In his desire to take Dell private, billionaire founder and CEO Michael Dell agreed in February to value his stake of more than 15% in the company at a lower share price than other shareholders. Hoping that would make the deal more attractive to potential suitors, he valued Dell at $13.65 a share, while analysts and other private equity firms claimed it was worth almost double that.
The Dell buyout saga shows how important measuring fair value (the price at which an asset can be sold in current markets) is, particularly for mergers and acquisition. And with changes in fair-value accounting going into effect during the next financial reporting periods for most corporations, CFOs and other senior executives will need to keep an even sharper focus on it—whether for acquisitions, or simply to re-value land or property.
International Financial Reporting Standard No. 13, or IFRS 13, which gives guidance on how to measure an asset’s fair value, went into effect on January 1. But firms are still in the process of implementing the standard. Both the International Accounting Standards Board (IASB) and Financial Accounting Standards Board (FASB) issued IFRS 13 in 2011 to provide investors with an easier and more consistent way to analyze corporate assets that would still be aligned with U.S. generally accepted accounting principles (GAAP).

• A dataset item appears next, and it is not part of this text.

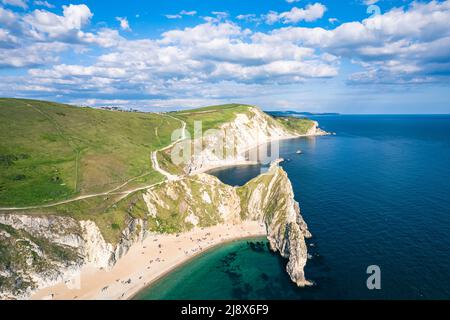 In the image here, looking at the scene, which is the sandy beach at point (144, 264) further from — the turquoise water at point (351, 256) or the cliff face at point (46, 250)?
the turquoise water at point (351, 256)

IFRS 13 applies to most corporations, explained David Larsen, managing director of the alternative asset advisory practice at Duff and Phelps. Speaking at a Duff and Phelps IFRS 13 webcast yesterday, he said the standard comes into play for any company that must disclose fair-value measurement for M&A activity, asset impairment, or activity involving investment entities (units which obtain funds from investors in exchange for investment management services). “In many ways, that’s almost everybody.”
Corporations must use fair-value measurement when they initiate impairment testing (required evaluations comparing an asset’s book value with its open-market value) under other financial-reporting standards, including, for instance, those covering Recognition and Measurement (IFRS 39), Financial Instruments (IFRS 9), and Business Combinations (IFRS 3).
But not everyone is taking heed of some of the biggest changes outlined in IFRS 13, such as those involving disclosure. “The expansion of disclosures [about fair values] could be a new thing for many; a lot of judgment goes into the disclosure area” said Larsen.
Specifically, corporations now must show more support for the assumptions made on their fair-value measurement and, particularly, more clarity in those assets that may be difficult to value. Under the standard, which has been in development for at least eight years, company’s now must disclose fair values according to a three-level hierarchy: for those assets in which quoted prices in active markets are readily available (level 1); when that’s not available, corporations will have to disclose fair values using inputs other than quoted prices included within level 1 that are still observable (level 2); and if those aren’t available, they need to disclose fair value using inputs that still based on market assumptions though they may be unobservable for the asset (level 3).
Disclosure also involves performing qualitative sensitivity analysis (where a company provides a narrative discussion if changing inputs would result in altermative assumptions about fair value) and initiating a quantitative disclosure for Level 3 inputs in addition to a quantitative one already in place in the regulation, according to the webcast.
But analyzing a company using the different levels of disclosure is still a challenge. As Larsen pointed out, Google, for one, was valued using level 3 inputs when it was private and then, when it went public, it was valued using level 1 inputs. “It didn’t change from being a toxic (a term commonly used to describe level 3 assets since they are harder to observe) company to non-toxic the day it went public; it’s just that the way one valued it differed,” he said, suggesting the company used more transparent inputs when it went public.
Still, the increased disclosure demands of IFRS 13 should certainly help investors. IFRS 13 now requires a lot more substantiation (referred to as “calibration”) of the valuation techniques used in obtaining fair value, such as comparisons of different measurements to observable market data. This could particularly provide more insight into a firm’s non-financial assets, which are still hard to value.
As Larsen noted, “calibration is one of the most important tools in IFRS 13…and likely one of the least understood and least applied.”
Having clearer guidance on how to value assets with IFRS 13 should particularly help corporations when they look to sell assets since no clear exit pricing method exists currently for fair value measurement, added Hilary Eastman, a Duff and Phelps and a former senior manager with the IASB who led the joint IASB-FASB fair-value measurement project. “Companies were applying it (fair value) differently. For example, in an acquisition, they were applying it one way and when they were selling it, they were applying it another way,” she said on the webcast. “There really shouldn’t be a difference between an entry price and an exit price in most cases.” (Under fair value measurement, the entry price is the price at which an asset would be bought–commonly known as the “ask price.” The exit price is defined as the price paid to transfer a liability.)
Additionally, she said IFRS 13’s improved guidance on how to value liabilities should also help firms since too often it was difficult to find quoted prices for the transfers of such a liability. IFRS 13 requires that if a price is not available, fair value of the asset is taken from another market participant that holds the identical asset.”That’s an area that challenges a lot of people and has done for a long time, whether for fair value or for other reasons.”